After high school, Rice studied film, theater, and photography at the University of Minnesota and the Minneapolis College of Art and Design. While working at Walker Art Center in the mid-Seventies, a chance encounter with screenwriter Joan Tewkesbury encouraged Rice to pursue film school at USC, which Tewkesbury had attended before writing Nashville. It was here that he first met Gordon Parks, albeit briefly, through a friend who had worked on Parks's semi-autobiographical film The Learning Tree.
If, 20 years later, Rice felt astonished to be directing a feature-length film in the close company of his idol, he kept that urge to himself. "I had to resist the tendency to genuflect to him," says Rice. "We had a film to make. I know there were [interview] questions that he didn't like. Gordon doesn't like to dwell on the negative. And I respect that. But as a filmmaker, you want to get as many colors on the palette as you can."
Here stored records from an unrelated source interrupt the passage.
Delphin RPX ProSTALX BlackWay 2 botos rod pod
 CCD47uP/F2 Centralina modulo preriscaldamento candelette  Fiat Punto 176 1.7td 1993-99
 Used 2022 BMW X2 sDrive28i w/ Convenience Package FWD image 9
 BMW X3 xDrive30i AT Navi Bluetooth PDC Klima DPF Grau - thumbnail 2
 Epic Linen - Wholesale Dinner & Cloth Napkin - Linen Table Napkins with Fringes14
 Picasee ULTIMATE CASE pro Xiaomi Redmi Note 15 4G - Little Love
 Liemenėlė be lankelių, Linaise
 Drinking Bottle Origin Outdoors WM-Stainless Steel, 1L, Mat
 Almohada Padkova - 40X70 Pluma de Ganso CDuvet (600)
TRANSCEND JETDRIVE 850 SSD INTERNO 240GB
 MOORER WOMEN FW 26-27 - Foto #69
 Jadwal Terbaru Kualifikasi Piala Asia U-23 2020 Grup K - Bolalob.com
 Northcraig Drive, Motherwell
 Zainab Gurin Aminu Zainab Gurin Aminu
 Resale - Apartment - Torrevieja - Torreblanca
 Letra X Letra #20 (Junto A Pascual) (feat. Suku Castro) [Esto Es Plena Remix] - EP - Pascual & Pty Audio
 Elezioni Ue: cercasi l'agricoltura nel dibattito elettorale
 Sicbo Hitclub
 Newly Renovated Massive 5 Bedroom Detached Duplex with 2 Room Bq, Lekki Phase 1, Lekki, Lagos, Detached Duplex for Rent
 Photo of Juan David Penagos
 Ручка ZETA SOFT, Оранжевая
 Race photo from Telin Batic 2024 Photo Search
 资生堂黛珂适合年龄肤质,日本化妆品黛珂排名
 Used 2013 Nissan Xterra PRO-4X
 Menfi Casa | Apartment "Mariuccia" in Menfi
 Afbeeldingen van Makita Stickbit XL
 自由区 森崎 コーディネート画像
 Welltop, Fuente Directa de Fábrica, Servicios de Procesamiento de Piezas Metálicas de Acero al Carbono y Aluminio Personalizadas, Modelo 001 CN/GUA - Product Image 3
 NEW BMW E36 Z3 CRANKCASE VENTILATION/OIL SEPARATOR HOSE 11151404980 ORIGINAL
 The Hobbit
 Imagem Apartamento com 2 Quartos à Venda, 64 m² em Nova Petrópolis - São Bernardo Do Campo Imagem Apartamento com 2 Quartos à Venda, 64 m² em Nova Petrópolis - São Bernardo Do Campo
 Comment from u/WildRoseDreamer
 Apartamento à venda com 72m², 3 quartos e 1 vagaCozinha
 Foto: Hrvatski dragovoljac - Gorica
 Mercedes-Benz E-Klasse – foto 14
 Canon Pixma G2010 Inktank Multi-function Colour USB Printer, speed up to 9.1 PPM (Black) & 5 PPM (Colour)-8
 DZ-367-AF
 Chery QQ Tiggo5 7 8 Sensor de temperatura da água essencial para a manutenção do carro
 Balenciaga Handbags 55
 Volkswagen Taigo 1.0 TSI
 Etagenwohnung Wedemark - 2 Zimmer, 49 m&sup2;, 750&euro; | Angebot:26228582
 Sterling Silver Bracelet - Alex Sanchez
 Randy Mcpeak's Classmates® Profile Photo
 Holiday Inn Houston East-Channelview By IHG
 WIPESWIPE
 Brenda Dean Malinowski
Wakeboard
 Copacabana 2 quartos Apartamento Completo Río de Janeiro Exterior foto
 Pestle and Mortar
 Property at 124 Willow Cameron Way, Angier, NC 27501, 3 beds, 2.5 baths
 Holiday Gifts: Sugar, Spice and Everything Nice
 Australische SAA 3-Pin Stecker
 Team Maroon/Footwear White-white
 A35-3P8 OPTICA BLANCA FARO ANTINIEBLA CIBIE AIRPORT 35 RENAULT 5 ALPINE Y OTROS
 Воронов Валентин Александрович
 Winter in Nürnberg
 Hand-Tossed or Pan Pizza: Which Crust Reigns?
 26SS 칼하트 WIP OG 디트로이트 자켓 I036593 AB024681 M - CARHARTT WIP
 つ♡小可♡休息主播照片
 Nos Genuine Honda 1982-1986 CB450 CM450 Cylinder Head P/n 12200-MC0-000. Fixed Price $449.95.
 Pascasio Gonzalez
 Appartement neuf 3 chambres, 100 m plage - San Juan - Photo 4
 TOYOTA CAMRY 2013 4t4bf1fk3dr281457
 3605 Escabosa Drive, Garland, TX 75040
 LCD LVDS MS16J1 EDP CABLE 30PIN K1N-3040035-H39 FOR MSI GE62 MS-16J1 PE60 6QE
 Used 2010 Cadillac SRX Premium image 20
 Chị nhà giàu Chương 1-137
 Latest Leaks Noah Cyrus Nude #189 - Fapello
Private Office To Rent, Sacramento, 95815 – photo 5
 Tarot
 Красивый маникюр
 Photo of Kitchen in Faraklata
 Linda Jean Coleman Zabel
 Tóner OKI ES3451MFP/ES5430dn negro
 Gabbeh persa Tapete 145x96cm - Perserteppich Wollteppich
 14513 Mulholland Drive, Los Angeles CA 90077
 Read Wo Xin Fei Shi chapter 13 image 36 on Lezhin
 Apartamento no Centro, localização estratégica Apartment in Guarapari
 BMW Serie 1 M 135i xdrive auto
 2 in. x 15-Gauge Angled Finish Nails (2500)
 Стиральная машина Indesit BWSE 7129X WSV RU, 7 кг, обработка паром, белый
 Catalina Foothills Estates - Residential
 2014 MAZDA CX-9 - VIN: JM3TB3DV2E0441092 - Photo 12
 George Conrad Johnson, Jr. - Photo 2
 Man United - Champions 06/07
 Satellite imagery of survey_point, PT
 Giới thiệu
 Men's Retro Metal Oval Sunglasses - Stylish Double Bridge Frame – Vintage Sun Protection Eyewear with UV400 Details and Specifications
Color, at least as it relates to race, remains an understated component of the film, in deference to Parks's "apolitical" commitment to his muse. Yet Rice's investigative zeal regarding Parks's lifelong love affair with his art--a romance that came at the expense of his three wives--does give Half Past Autumn a number of discomfiting and poignant moments. "In the dramatic arc of any story," says Rice, "the hero gets to a point where he has a choice to make. Gordon made a choice, you know? And we may agree or not agree, but he made a choice."
Rice says the scene in which Parks ruefully recalls his first wife's response to an invitation to join him in Venice for the performance of his first piano concerto--"I'm frying potatoes for your children; have a ball"--has evoked strong reactions in public screenings. "You can feel the tension in the room," he says. "It's as if the audience wants to tell him, 'Don't you understand what she's saying here?' In the end, he has to live with it."